August data showed business activity declining for the fourth consecutive month and at a faster rate than in July. The worst performing area of activity in August was commercial building, with respondents saying they were seeing delayed decision-making among clients in response to domestic political uncertainty.
Business expectations for the year ahead have also fallen sharply since July to their least optimistic point since December 2008.
The IHS Markit/CIPS UK Construction Purchasing Managers’ Index stood at 45.0 in August, down slightly from 45.3 in July and below the 50.0 no-change threshold for the fourth consecutive month. Businesses surveyed blamed lower volumes of construction output on worsening order books and a lack of new projects to replace completed contracts.
August saw a decrease in all three broad categories of construction work with Brexit-related uncertainty causing clients to tighten budgets and making them averse to risks. Civil engineering activity also dropped at a relatively sharp pace although house building fell only slightly and at a slower rate of decline than that seen since the downturn began in June.

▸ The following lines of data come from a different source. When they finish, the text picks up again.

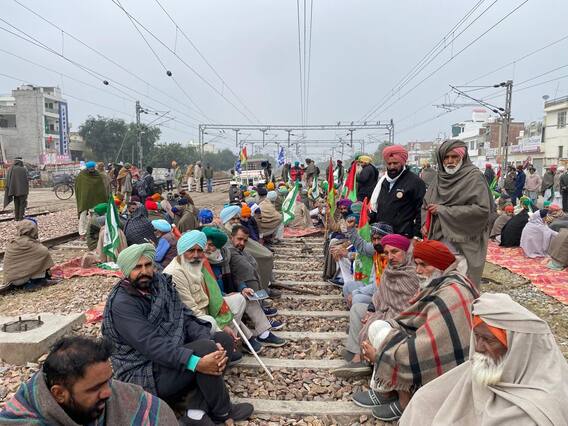 Farmer Protest: ਪੰਜਾਬ 'ਚ ਕਿਸਾਨਾਂ ਨੇ ਖਾਲੀ ਕੀਤੀਆਂ ਸੜਕਾਂ, ਆਮ ਵਾਂਗ ਹੋਈ ਆਵਾਜਾਈ, ਜਾਣੋ ਬੰਦ ਦਾ ਕਿੱਥੇ-ਕਿੱਥੇ ਪਿਆ ਅਸਰ ?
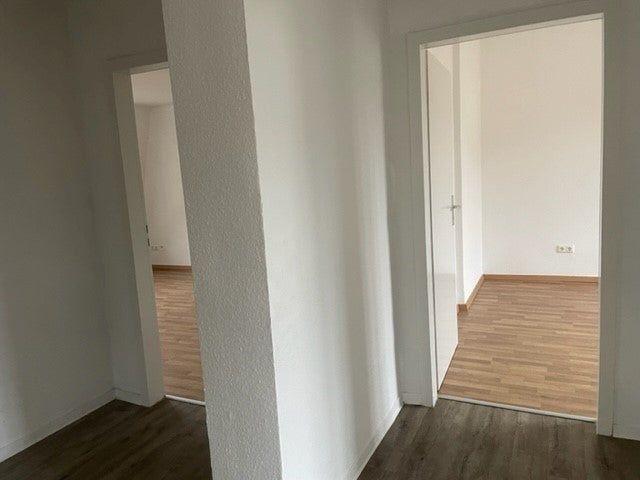 Schöne 3 Zimmerwohnung mit modernisierten Tageslichtbad und Laminat.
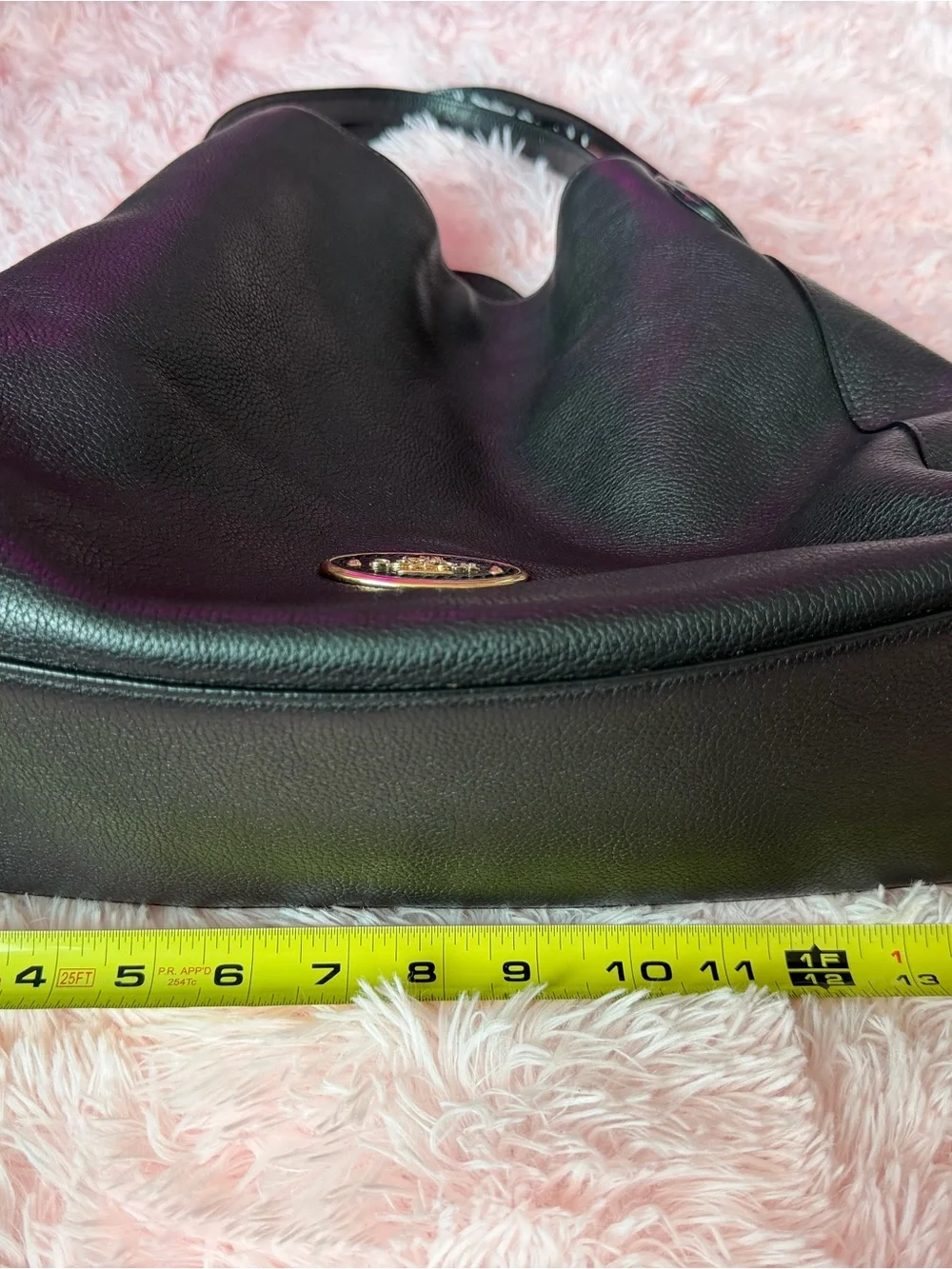 Coach Black Pebbled Leather Hobo Tote Shoulder Bag Gold Turnlock purse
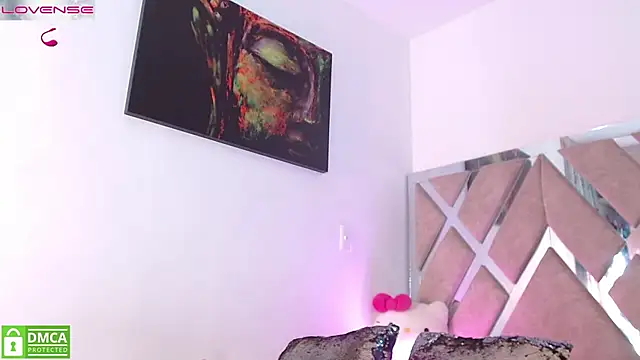 LauryMoons online show from 02.04.26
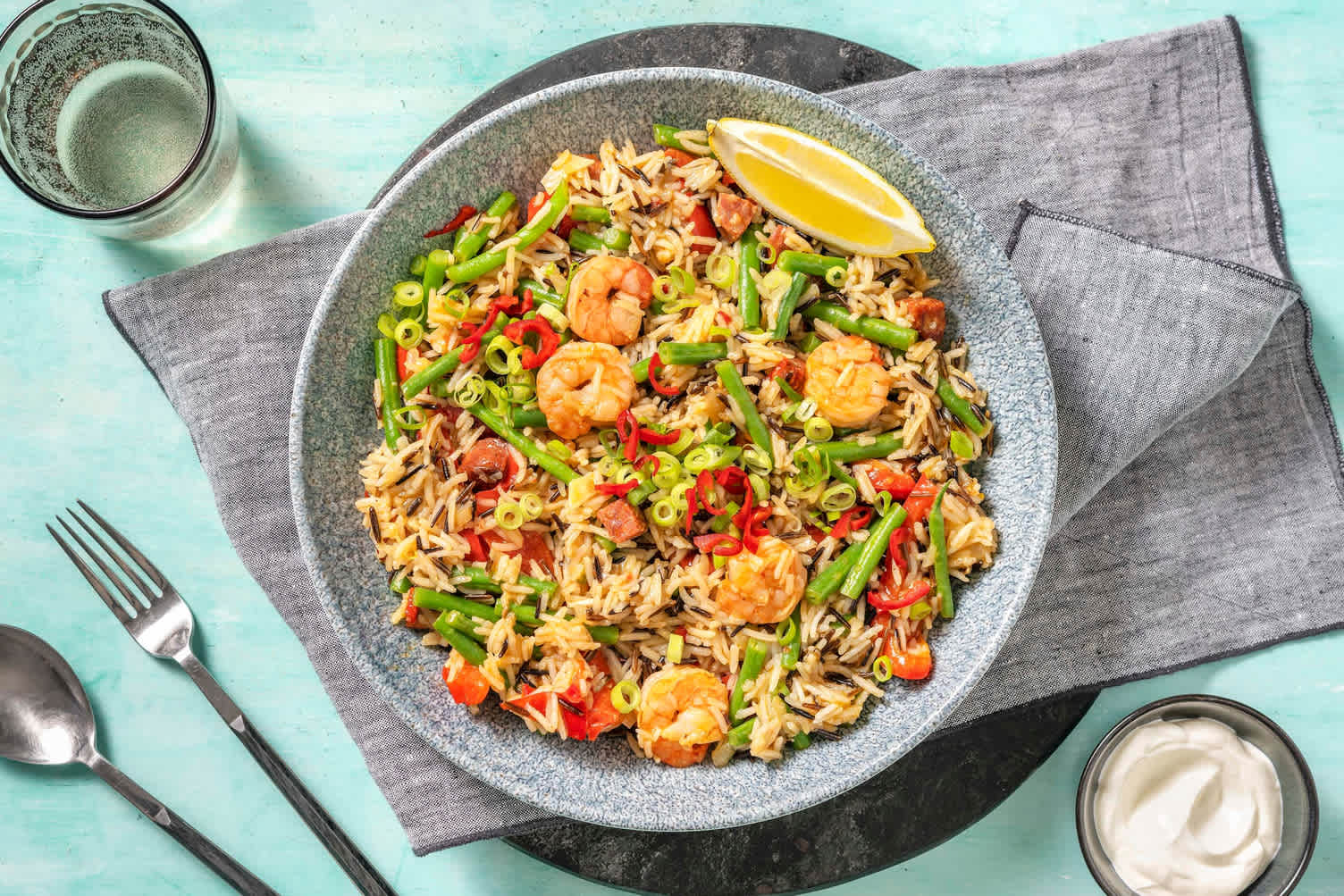 Paella! Spanischer Reis mit Chorizo und Garnelen Rezept HelloFresh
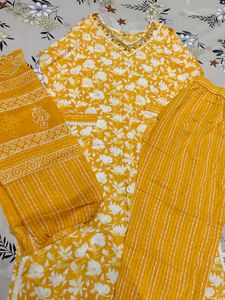 Stylish Kurti With Pant &amp; Duppata (Women&#39;s)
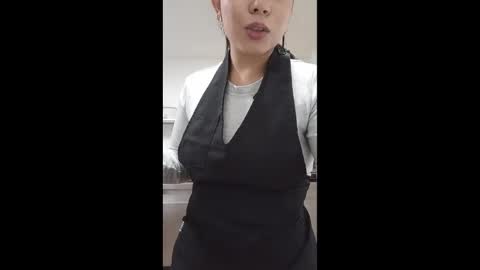 Snapshot of susiesunny chatting on December 2025 10:13:02 AM susana online show from December 2025 10:13:02 AM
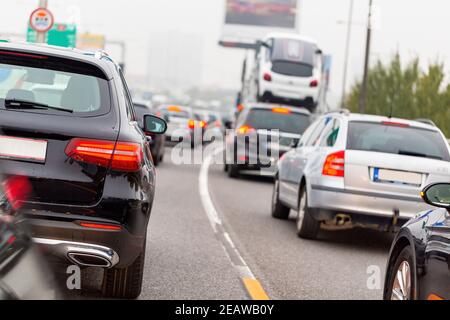 Linie von Autos und LKW stehen auf der Straße in Eile Stunde Stockfoto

Construction companies said new orders have dropped in each month since April and data showed the sharpest decline in new work since March 2009. However despite a sustained reduction in new orders, employment bucked the trend during August with only a marginal drop in staffing levels.
For the fifth consecutive month in August input buying decreased – representing the longest period of decline since the first half of 2013. However softer demand for construction products and materials helped to alleviate pressure on supply chains and delivery delays from vendors were uncommon by the standards of the last three years. Input cost inflation fell to its lowest since March 2016.
Business optimism among respondents fell for the second month running in August, with the degree of positive sentiment the weakest since December 2008.
Tim Moore, economics associate director at IHS Markit, said: “Domestic political uncertainty continued to hold back the UK construction sector in August, with survey respondents indicating that delays to spending decisions had contributed to the sharpest fall in new work for over 10 years.”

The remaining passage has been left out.